Ask HN: Invaluable Command-line Tools - squiguy7
How have you configured your shell to speed up your workflow? What tools, editors, or shortcuts have proven to be something you can not live without?
======
codegeek
Someone told me about fish shell once and it makes life so much easier:

[https://fishshell.com/](https://fishshell.com/)

------
vram22
Meta answer:

apropos and man (these are for Unix-like systems, a.k.a POSIX systems (loosely
speaking). But you may find them on Windows too, via Cygwin and its ilk (e.g.
MKS Toolkit (still exists?), UWin, and maybe a few others) and nowadays the
Windows Subsystem for Linux too (WSL - maybe).

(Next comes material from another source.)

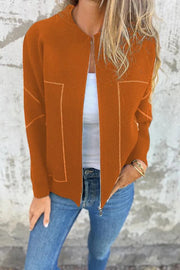 Solid Color Casual Long Sleeve Zippered Loose Pocket Jacket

IIRC that last one is Windows
10 only, though.

This is because the apropos command lets me find commands for some purpose
(apropos some_word) and the man command then lets me learn how to use them.
[1]. (Of course you can look up books and the Internet too, but the man
command is online on the same system you are working on.) Apropos may not work
for every word you try it with, but even with the commands that it works for
(not all may be in its database), it is useful, and enough to be going on with
for a long time, in terms of learning and exploring. You can learn about the
existence of a lot of new (to you) commands using apropos, and then try them
out, and use them regularly if it makes sense for your needs.

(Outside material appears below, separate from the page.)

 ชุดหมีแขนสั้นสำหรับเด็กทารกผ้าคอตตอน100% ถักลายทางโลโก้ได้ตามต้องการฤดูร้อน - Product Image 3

Of course there are more in that meta category too, such as find (powerful
tool to find files matching various criteria in the file system - combine it
with xargs), awk and sed (multipurpose little languages which integrate
beautifully with the shell), and so on.

Related to the man command: Here is a simple utility to help with creating and
reading man pages for topics - coincidentally I had blogged about it a few
days ago, after I mentioned it to a consulting client:

m, a Unix shell utility to save cleaned-up man pages as text:

[https://jugad2.blogspot.in/2017/03/m-unix-shell-utility-
to-s...](https://jugad2.blogspot.in/2017/03/m-unix-shell-utility-to-save-
cleaned-up.html)

Mentioning it to him made me think of blogging about it, although I first
wrote it many years ago on a Unix box. It will work on any Unix variant that
has the shell (sh / ksh / bash), the man command (and the corresponding man
pages installed) and the col command. May work on other shells such as fish,
tcsh or zsh too, but I haven't checked. If not working directly, it probably
can be easily ported to them.

So, taking the examples of the commands mentioned above, this is the first
command to run, using m:

m apropos man

which will generate in ~/man, the man pages (in text format) for the apropos
and man commands, and then:

m find xargs awk sed

which will do the same for those other commands, all of which are powerful and
frequently used in Unix systems.

------
dostoevsky
The ranger [0] file manager is probably my most used app -- it's fast,
extensible and has VI bindings.

[0] [http://www.nongnu.org/ranger/](http://www.nongnu.org/ranger/)

------
frou_dh
sshfs

It's very nice to be able to interact with files on remote computers just like
normal files on your local filesystem.